On the other side of the net, Koozy, is No 7, but she owns a major, the U.S. Open of 2004, and she seems to have a firmer grip on her nerves these days.
She lost the middle set in her last 3 wins (over Aggie Radwanska, Serena and Sam Stosur), suffering the famous Koozy Quivers, but straightening up in time to march into the final.
It was good to see the tall Aussie, Sam Stosur in the semis. She was the outsider at No. 32, but very good news to her island homeland that used to mean so much in the game. When Sam charged back into the match from 2-5 in the tie-breaker, winning 5 successive points, Koozy began to quiver. She was worried until she ducked a break point to 3-2 in the decisive set, and took the Aussie’s serve, for 4-2 – Quivers gone, she won, 6-4, 6-7 (5-7), 6-3.

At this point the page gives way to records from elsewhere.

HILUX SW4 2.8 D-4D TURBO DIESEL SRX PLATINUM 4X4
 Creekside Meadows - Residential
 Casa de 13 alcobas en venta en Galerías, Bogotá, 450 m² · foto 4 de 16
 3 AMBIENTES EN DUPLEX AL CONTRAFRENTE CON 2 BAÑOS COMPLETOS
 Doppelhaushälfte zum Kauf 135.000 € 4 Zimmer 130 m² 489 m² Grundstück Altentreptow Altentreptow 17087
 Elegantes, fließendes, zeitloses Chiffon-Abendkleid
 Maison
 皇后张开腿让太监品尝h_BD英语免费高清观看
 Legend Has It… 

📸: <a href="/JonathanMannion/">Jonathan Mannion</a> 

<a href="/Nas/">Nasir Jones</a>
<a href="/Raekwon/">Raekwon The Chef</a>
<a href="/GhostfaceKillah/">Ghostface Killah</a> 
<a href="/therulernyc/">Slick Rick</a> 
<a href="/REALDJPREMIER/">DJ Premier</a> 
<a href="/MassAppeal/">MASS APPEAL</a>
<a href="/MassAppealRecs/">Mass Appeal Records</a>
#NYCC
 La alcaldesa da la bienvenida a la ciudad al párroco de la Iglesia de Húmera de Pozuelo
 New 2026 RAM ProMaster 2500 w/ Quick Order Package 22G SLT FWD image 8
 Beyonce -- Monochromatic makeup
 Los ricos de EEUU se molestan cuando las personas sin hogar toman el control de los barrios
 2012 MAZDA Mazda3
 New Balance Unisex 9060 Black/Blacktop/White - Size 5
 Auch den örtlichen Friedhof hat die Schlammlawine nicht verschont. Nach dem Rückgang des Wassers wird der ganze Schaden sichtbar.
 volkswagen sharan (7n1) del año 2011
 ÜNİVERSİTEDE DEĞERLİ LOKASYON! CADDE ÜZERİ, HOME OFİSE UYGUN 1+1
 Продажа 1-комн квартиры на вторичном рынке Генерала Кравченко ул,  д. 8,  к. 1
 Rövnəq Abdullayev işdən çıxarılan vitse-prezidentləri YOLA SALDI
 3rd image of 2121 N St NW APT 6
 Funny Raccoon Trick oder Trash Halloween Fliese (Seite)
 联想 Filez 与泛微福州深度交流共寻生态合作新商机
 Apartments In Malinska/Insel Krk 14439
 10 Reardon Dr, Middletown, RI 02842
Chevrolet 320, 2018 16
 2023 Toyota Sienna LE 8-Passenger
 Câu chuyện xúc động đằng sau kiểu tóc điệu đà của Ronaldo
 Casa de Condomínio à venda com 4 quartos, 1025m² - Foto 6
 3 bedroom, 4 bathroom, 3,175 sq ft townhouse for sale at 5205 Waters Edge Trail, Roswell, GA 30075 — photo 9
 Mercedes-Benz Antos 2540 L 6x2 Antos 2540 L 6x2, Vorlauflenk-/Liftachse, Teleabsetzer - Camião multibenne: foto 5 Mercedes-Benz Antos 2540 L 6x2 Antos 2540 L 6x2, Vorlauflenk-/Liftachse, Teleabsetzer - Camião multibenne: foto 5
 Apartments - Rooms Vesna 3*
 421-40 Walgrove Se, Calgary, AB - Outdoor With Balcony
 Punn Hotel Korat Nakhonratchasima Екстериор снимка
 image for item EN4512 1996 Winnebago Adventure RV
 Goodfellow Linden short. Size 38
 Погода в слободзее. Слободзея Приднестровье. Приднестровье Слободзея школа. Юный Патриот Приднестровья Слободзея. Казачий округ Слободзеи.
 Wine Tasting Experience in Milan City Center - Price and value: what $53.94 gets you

Thirty years have passed since an Aussie femme did so well in Paris. Wendy (Rabbit) Turnbull was in the 1979 final, losing – everybody did – to Chris Evert. Evonne Goolagong was the last Aussie champ in 1971.
The other losing semifinalist, teeny Slovak Dominika Cibulkova, must have felt like a 6-footer among the giants of the NBA. At 5-foot-3 she was 9 inches shorter than Safina. Still she ran all over the place, battled well in Dinara’s 6-3, 6-3, victory.
That brought Safina, loser of only one set, into the final, yet another round in the St. Petersburg-Moscow rivalry. Safina leads 8-5, her triumph in the Italian Open final her most impressive. I’ll bet both of them could outrun the Ohio State and Michigan football teams.